Optimizing Noise Schedules of Generative Models in High Dimensionss
Santiago Aranguri, Giulio Biroli, Marc Mezard, Eric Vanden-Eijnden
TL;DR
This work analyzes noise schedules for high-dimensional diffusion-based generative models through the lens of stochastic interpolants, revealing a fundamental VP/VE dichotomy: VP tends to recover low-level per-mode structure while VE captures high-level inter-mode asymmetry. Time-dilated interpolation schedules are proposed to jointly recover both types of features, yielding a well-defined limiting probability-flow ODE in dimension $d$ that can be discretized with $\Theta_d(1)$ steps. The authors establish theory for Gaussian Mixtures and Curie-Weiss distributions, connect the interpolants to standard score-based diffusion models, and validate the approach with GM/CW simulations and CelebA experiments, showing improved feature recovery and discretization efficiency. Practically, the results provide dimension-robust noise schedules that enable efficient sampling in high-dimensional diffusion models while preserving both global structure and fine-grained details.
Abstract
Recent works have shown that diffusion models can undergo phase transitions, the resolution of which is needed for accurately generating samples.
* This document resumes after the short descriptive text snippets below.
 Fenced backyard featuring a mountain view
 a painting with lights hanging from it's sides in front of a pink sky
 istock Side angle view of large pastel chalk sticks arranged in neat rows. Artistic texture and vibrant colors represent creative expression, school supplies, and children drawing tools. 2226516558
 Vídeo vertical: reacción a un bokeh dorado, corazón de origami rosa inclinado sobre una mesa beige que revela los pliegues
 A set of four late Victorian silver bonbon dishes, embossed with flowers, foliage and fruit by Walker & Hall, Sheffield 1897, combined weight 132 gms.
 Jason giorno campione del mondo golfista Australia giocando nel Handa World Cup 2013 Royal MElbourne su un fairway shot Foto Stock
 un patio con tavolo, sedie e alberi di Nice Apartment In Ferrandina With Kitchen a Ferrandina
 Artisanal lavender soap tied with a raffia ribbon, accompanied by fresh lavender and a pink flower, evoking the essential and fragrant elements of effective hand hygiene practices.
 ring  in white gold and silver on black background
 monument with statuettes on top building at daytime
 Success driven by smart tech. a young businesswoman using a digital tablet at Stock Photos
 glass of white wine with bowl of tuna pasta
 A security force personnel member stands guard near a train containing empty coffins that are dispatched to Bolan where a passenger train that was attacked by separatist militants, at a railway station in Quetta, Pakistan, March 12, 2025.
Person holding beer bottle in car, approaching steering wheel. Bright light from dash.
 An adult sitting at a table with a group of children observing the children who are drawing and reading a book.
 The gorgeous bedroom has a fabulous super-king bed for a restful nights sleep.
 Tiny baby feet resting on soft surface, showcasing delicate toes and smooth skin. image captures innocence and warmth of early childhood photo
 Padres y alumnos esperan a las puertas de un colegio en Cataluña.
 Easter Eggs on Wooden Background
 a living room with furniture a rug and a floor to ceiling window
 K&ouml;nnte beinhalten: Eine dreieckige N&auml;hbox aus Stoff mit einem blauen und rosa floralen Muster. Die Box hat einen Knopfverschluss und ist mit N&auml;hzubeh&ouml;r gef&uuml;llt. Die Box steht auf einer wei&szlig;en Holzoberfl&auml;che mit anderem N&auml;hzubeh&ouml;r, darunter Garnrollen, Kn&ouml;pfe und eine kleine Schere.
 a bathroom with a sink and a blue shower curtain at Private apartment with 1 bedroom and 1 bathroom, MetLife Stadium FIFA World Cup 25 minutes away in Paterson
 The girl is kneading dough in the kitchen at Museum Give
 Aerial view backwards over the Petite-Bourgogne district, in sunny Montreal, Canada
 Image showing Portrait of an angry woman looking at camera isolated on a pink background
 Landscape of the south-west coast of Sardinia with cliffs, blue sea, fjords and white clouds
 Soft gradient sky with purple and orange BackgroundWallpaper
This has motivated the use of different noise schedules, the two most common choices being referred to as variance preserving (VP) and variance exploding (VE). Here we revisit these schedules within the framework of stochastic interpolants. Using the Gaussian Mixture (GM) and Curie-Weiss (CW) data distributions as test case models, we first investigate the effect of the variance of the initial noise distribution and show that VP recovers the low-level feature (the distribution of each mode) but misses the high-level feature (the asymmetry between modes), whereas VE performs oppositely. We also show that this dichotomy, which happens when denoising by a constant amount in each step, can be avoided by using noise schedules specific to VP and VE that allow for the recovery of both high- and low-level features. Finally we show that these schedules yield generative models for the GM and CW model whose probability flow ODE can be discretized using $Θ_d(1)$ steps in dimension $d$ instead of the $Θ_d(\sqrt{d})$ steps required by constant denoising.